Question

If a real variable \(x\) satisfies \(3^{x^2} = 27 \times 9^x\), then the value of \(\frac{2^{x^2}}{(2^x)^2}\) is:

• A. \(2^{-1}\)
• B. \(2^0\)
• C. \(2^3\)
• D. \(2^{15}\)

Hint:

When solving equations with exponents, simplify both sides of the equation, equate the exponents, and solve the resulting algebraic equation.
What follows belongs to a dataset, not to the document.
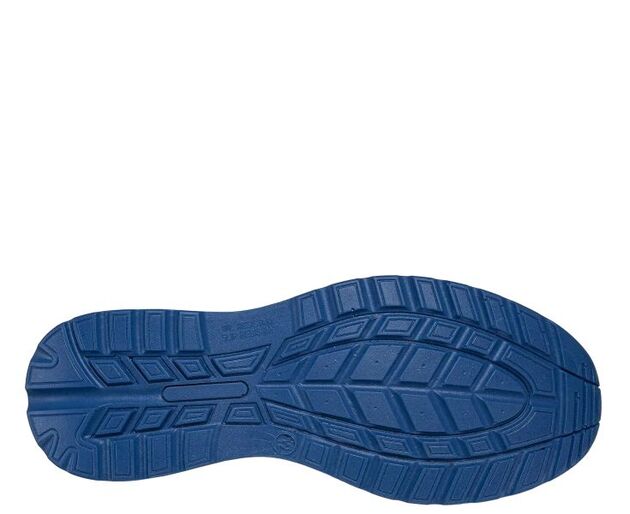 Obuv BENNON KNITTER S1 ESD Blue Low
Afterward, substitute the values into the given expression.

Answer 1

The Correct Option is C

Step 1: Solve the given equation \(3^{x^2} = 27 \times 9^x\).
We start with the equation: \[ 3^{x^2} = 27 \times 9^x. \] We can rewrite \(27\) and \(9\) as powers of 3: \[ 27 = 3^3 \quad \text{and} \quad 9 = 3^2. \] Thus, the equation becomes: \[ 3^{x^2} = 3^3 \times (3^2)^x. \] Now simplify the right-hand side: \[ 3^{x^2} = 3^3 \times 3^{2x}. \] Using the property of exponents \(a^m \times a^n = a^{m+n}\), we combine the powers of 3: \[ 3^{x^2} = 3^{3 + 2x}. \] Since the bases are the same, we can equate the exponents: \[ x^2 = 3 + 2x. \] Rearranging the equation: \[ x^2 - 2x - 3 = 0. \] Factoring the quadratic equation: \[ (x - 3)(x + 1) = 0. \] Thus, \(x = 3\) or \(x = -1\). 
Step 2: Evaluate \(\frac{2^{x^2}}{(2^x)^2}\).
We now substitute \(x = 3\) and \(x = -1\) into the expression \(\frac{2^{x^2}}{(2^x)^2}\): When \(x = 3\): \[ \frac{2^{3^2}}{(2^3)^2} = \frac{2^9}{2^6} = 2^{9-6} = 2^3. \] When \(x = -1\): \[ \frac{2^{(-1)^2}}{(2^{-1})^2} = \frac{2^1}{2^{-2}} = 2^{1 - (-2)} = 2^3. \] Thus, the value is \(2^3\), which corresponds to Option (C).